§ What you have to do:
Leave out all pictures and retype exactly the lines from the one with "1boy bad_id bad_twitter_id" through the last line of the material.
[Data extract — start]
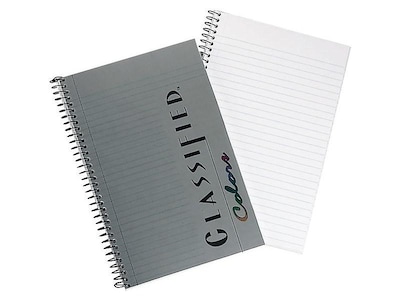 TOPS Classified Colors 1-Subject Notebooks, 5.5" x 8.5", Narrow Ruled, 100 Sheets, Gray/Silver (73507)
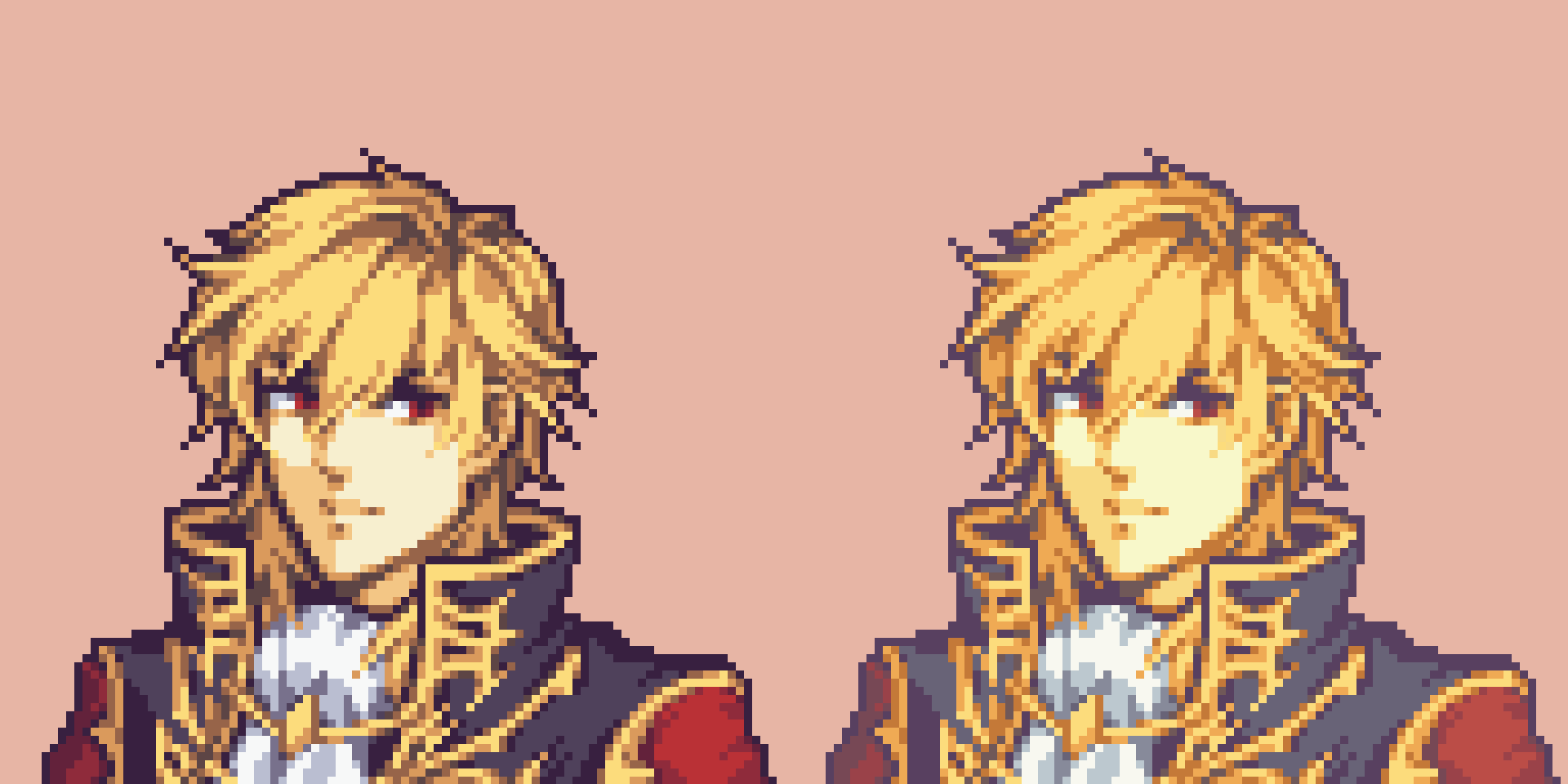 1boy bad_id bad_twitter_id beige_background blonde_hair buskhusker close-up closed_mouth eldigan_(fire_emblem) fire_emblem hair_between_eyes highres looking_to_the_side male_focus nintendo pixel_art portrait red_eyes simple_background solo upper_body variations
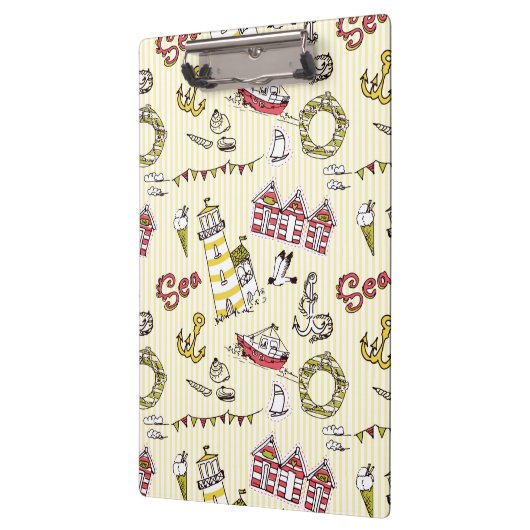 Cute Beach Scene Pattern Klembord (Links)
[Data extract — finish]
§ Result of this task:
 1boy bad_id bad_twitter_id beige_background blonde_hair buskhusker close-up closed_mouth eldigan_(fire_emblem) fire_emblem hair_between_eyes highres looking_to_the_side male_focus nintendo pixel_art portrait red_eyes simple_background solo upper_body variations
 Cute Beach Scene Pattern Klembord (Links)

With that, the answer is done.